Task objective → Return only the lines starting at the line that contains "responsive spa accessories joomla template" and ending with the final line of the listing; include both endpoints.

Input data →
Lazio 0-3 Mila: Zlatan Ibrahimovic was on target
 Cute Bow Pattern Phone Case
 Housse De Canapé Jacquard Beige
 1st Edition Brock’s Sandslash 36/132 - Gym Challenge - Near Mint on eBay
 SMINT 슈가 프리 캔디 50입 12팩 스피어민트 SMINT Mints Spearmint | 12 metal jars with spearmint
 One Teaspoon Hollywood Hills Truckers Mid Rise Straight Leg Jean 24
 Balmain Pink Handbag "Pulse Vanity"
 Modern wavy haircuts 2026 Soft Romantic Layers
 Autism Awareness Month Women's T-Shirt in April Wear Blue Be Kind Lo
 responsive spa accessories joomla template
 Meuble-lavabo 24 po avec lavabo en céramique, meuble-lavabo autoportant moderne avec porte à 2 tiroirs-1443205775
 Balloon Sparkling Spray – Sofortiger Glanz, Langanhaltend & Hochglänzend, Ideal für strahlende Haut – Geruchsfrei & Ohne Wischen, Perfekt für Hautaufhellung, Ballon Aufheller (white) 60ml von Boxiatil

Solution to the problem →
 responsive spa accessories joomla template
 Meuble-lavabo 24 po avec lavabo en céramique, meuble-lavabo autoportant moderne avec porte à 2 tiroirs-1443205775
 Balloon Sparkling Spray – Sofortiger Glanz, Langanhaltend & Hochglänzend, Ideal für strahlende Haut – Geruchsfrei & Ohne Wischen, Perfekt für Hautaufhellung, Ballon Aufheller (white) 60ml von Boxiatil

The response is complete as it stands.